Three young Munich-based companies raised a total of almost 100 million euros in capital for their growth phase in the first half of 2016 alone. The digital fitness startup, founded in 2010, eGym announced in March that it had closed a Series C financing round of over €40 million. Launched in 2011, the smart home startup Tado announced in April that a new strategic investor had invested 20 million euros. In June, the big data startup, also founded in 2011, closed Celonis raised approximately 25 million euros in funding – in an initial financing round with external investors. News like this makes founders dream. A guest article by Larissa Kiesel from BayStartUP.
But: “You don’t just go out and raise $45 million.”"," says Philipp Roesch-Schlanderer, co-founder and CEO of eGym, summing it up. Behind this lies hard work in the market, ambitious growth plans, and the right direction from the start. And the capital market must also offer the right opportunities.
Where do the millions come from?
Typically, several investors, including international investors, invest in such double-digit million-euro rounds. HPE Growth Capital, a VC fund based in Amsterdam, joined eGym. Highland Europe, the European arm of US investor Highland, also participated in the current financing round. Highland had already invested around €11 million in 2014. Existing investors High-Tech Gründerfonds and Bayern Kapital with its Wachstumsfonds Bayern also participated in the round.
The capital for Celonis comes from the US fund Accel Partners, best known for its Facebook investment, and from 83North (formerly Greylock IL) from Israel. Tado received the €20 million from Inven Capital, the investment firm of the pan-European energy company CEZ Group. In a 2015 financing round, Statkraft Ventures, the fund of the Norwegian energy giant Statkraft, as well as BayBG Bayerische Beteiligungsgesellschaft and Siemens Venture Capital had already invested over €15 million.
What investors and startup experts say
Investors, especially from the US, see many untapped opportunities in Europe's growth market. When eGym investor Highland launched its second European fund with €332 million in 2015, Fergal Mullen, co-founder and partner of Highland Europe, told the Financial Times: “The funding gap in Europe is obvious.” According to his estimates, six times more capital had been invested in the US than in Europe to date. The startup portal TechCrunch.com also described European entrepreneurs in an article about Highland Europe as tending to be "underfunded" and "over-syndicated": European startups often have to accept disadvantageous shareholder structures with too many investors and too small sums to finance growth.

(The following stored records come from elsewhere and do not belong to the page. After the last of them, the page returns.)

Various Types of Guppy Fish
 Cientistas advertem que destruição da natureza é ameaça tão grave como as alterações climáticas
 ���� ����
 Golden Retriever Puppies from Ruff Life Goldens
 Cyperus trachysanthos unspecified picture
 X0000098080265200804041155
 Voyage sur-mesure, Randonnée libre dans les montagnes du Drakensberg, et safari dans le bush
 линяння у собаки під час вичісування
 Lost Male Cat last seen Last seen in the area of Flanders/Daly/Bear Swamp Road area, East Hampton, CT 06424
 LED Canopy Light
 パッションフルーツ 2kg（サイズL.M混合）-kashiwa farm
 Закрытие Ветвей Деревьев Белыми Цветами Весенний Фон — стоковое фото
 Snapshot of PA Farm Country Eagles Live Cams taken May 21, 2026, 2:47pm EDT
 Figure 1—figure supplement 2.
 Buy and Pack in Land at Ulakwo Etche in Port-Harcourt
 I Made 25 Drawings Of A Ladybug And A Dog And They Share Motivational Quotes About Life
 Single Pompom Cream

"I find it very encouraging that Munich and Germany as a whole have become more of a focus for international investors in recent years, thus increasing the likelihood of such multi-million dollar financing in the early growth phases."
so Dr. Carsten Rudolph, Managing Director of BayStartUP.
"The financing gap in the early growth market identified by German and international investors can be further closed. For this purpose, the Bayern Growth Fund, managed by Bayern Kapital, was launched. Since 2015, it has been providing public capital as a co-investor, making the growth market even more attractive for private funds."
Why do startups need so much capital?
Startups with excellent prerequisites that can now go all out and realize their ambitious growth plans – this is how the dynamics of large financing rounds can be described. The focus is on further developing technology and products, expanding sales, and internationalization. "It makes sense to globalize as quickly as possible.", emphasizes Dr. Carsten Rudolph.
"During the growth phase, startups need to strengthen their resources and attract highly qualified employees with commensurate salaries. Furthermore, significant company shares are usually already distributed, meaning the valuation must be much higher than in previous financing rounds."